A manufacturing concern makes data  sales and exports u/s 16(3)(a) of IGST Act i.e. without payment of tax under Bond/LUT. Common input and input services are procured on payment of tax.

Law Applicable:
Third proviso to Rule 89 states that:
Provided also that in respect of supplies regarded as deemed exports, the application may be filed by, -
(a) the recipient of deemed export supplies; or
(b) the supplier of deemed export supplies in cases where the recipient does not avail of input tax credit on such supplies and furnishes an undertaking to the effect that the supplier may claim the refund

Interpretation:
In cases of export, refund can be claimed u/s 54(8) by the exporter himself. The refund maybe of outward tax paid if option u/s 16(3)(b) of IGST is used (i.e. export made on payment of tax) or the refund maybe of unutilized ITC if option u/s 16(3)(a) of IGST is used (i.e., export made on LUT/Bond). However in both the cases refund application is made by the exporter only and not the supplier of input/input services of the exporter.

Under cases of deemed export, the refund of outward tax paid can be made by the supplier or the receiver of goods as per third proviso to Rule 89.

Conclusion:

The working capital is stuck up because you are doing export without payment of duty. Forming a second unit in the same premises as 100% EOU will not be feasible at all because in case of EOU there are a lot of formalities relating to registration, job work, returning of material etc. which are to be fulfilled subject to permission of Jurisdictional authority. So in our opinion this route is not correct.

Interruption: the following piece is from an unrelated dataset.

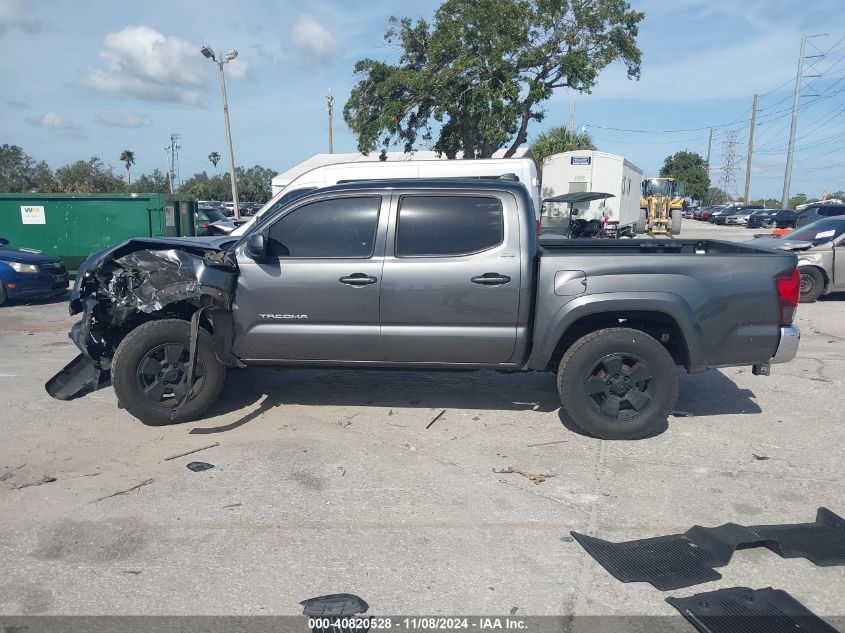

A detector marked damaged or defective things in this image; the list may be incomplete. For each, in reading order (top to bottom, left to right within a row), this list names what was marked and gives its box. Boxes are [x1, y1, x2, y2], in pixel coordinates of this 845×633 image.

You can avoid piling up of working capital by exporting goods on payment of tax and taking refund of same u/r 96.

We are making this more clear in the following illustration:

    Total Turnover     Domestic Supply           Export         Material Consumed
    Rs. 1,00,000    Rs. 50,000         Rs. 50,000       Rs. 70,000
                                                  Rate of tax on inward as well as outward supply       12%

 

 Total tax paid   70,000*12%    Rs. 8,400
 ITC used for domestic supply   50,000*12%    Rs. 6,000
  ITC remained unutilized  

This can be used for exporting goods of Rs.20,000 on payment of tax of Rs. 2,400. Refund of such tax paid can be applied u/s 16(3)(b) of IGST Act and Rule 96 of CGST rules.

The rest of export of Rs. 30,000 is to be made without payment of tax and under bond.

At present you might be having a good amount of ITC. You can consume it by supply of goods with payment of tax.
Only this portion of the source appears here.